## About this task
In the records that follow, find the line containing "Homeschooling - Mother" and the line containing "El arzobispo de", then transcribe both and every line between them exactly, omitting pictures.

(Image-caption web data)
━━━━
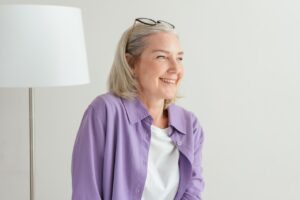 smiling woman after an anti-aging peptide therapy session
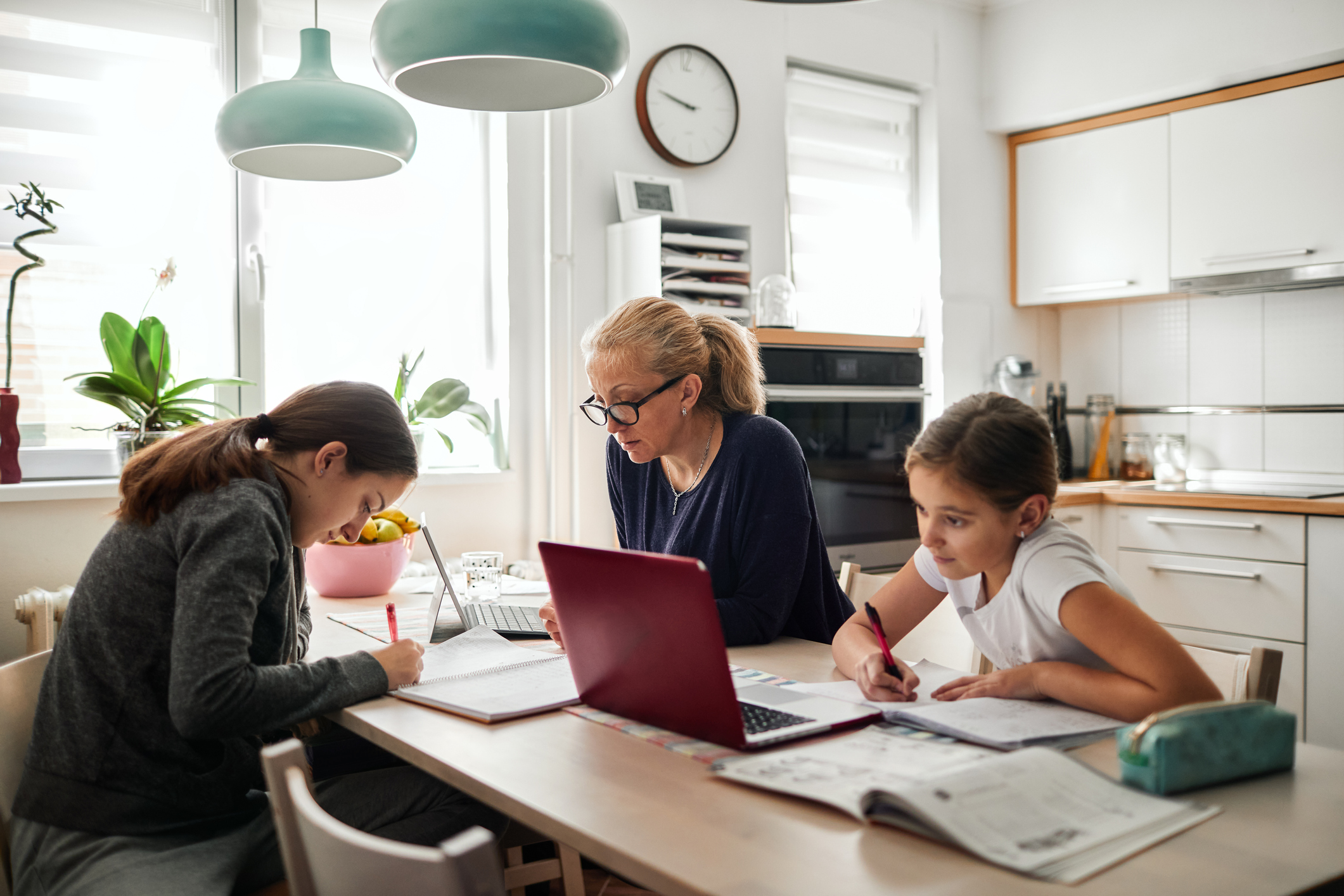 Homeschooling - Mother Helping To Her Daughters To Finish School Homework During Coronavirus Quarantine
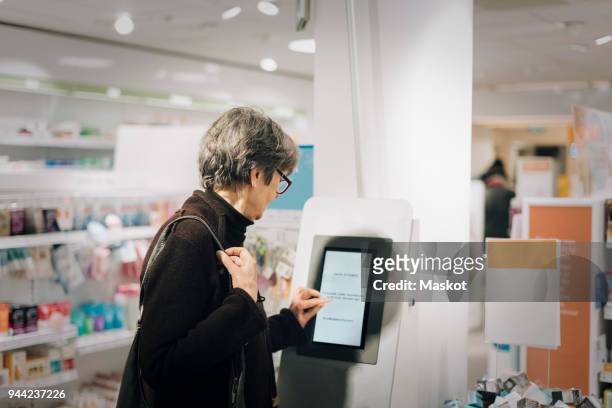 side view of senior woman using kiosk at pharmacy store - booth fotografías e imágenes de stock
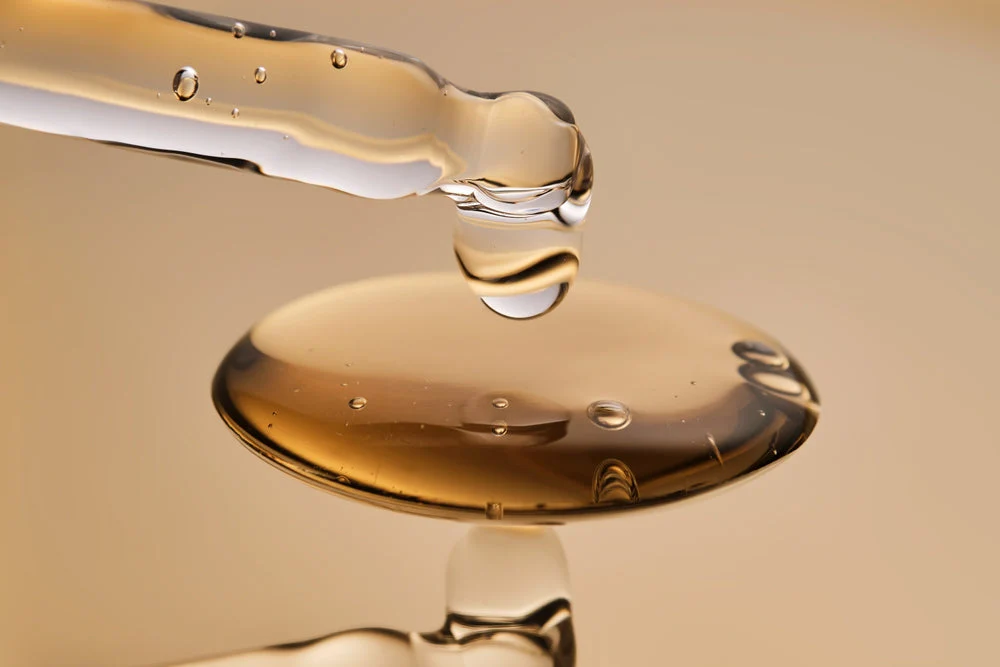 Close-up of a glass dropper dispensing a golden peptide serum droplet onto a reflective surface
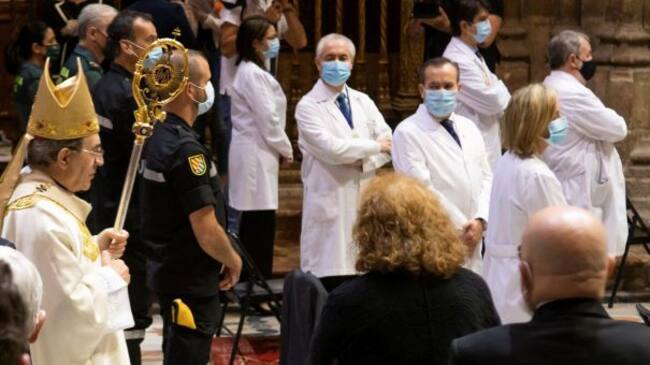 El arzobispo de Sevilla, Juan José Asenjo (i), pasa junto a los representantes de los colectivos de médicos, enfermeros, farmacéuticos, trabajadores de centros de personas mayores, Unidad Militar de Emergencias, Guardia Civil, Policía Nacional, Policía Local, Protección Civil, Bomberos y miembros de Cáritas y de Cruz Roja, en homenaje a las personas que han trabajado en primera linea contra el coronavirus, momentos antes de la celebración de la misa del Corpus Christi en el interior de la Catedral de Sevilla con todas las medidas sanitarias tras suspenderse su procesión por las calles de la capital hispalense
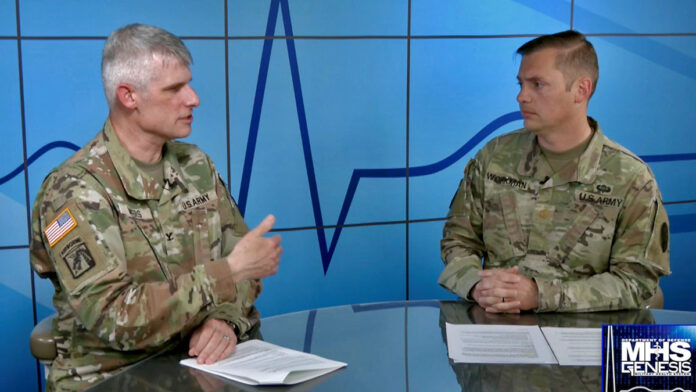 Col. Vincent B. Myers, commander of Blanchfield Army Community Hospital and director of the Defense Health Agency’s Southwest Kentucky Market speaks with Maj. Mark Workman, chief of Blanchfield’s Clinical Support Division during a virtual Facebook Town Hall aired May 6 discussing the hospital’s transition to the Defense Departments new electronic health record, MHS GENESIS. More than 100,000 military and civilian TRICARE eligible beneficiaries living on and around Fort Campbell will transition to the new electronic health record platform, June 3rd. (BACH)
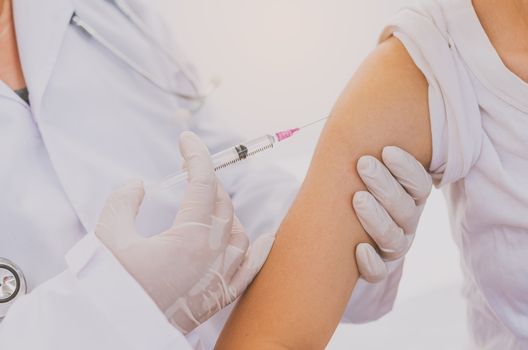 The doctor is currently treating patients by injecting arms. Vaccination or medication to prevent and treat viruses.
━━━━
## Your solution
 Homeschooling - Mother Helping To Her Daughters To Finish School Homework During Coronavirus Quarantine
 side view of senior woman using kiosk at pharmacy store - booth fotografías e imágenes de stock
 Close-up of a glass dropper dispensing a golden peptide serum droplet onto a reflective surface
 El arzobispo de Sevilla, Juan José Asenjo (i), pasa junto a los representantes de los colectivos de médicos, enfermeros, farmacéuticos, trabajadores de centros de personas mayores, Unidad Militar de Emergencias, Guardia Civil, Policía Nacional, Policía Local, Protección Civil, Bomberos y miembros de Cáritas y de Cruz Roja, en homenaje a las personas que han trabajado en primera linea contra el coronavirus, momentos antes de la celebración de la misa del Corpus Christi en el interior de la Catedral de Sevilla con todas las medidas sanitarias tras suspenderse su procesión por las calles de la capital hispalense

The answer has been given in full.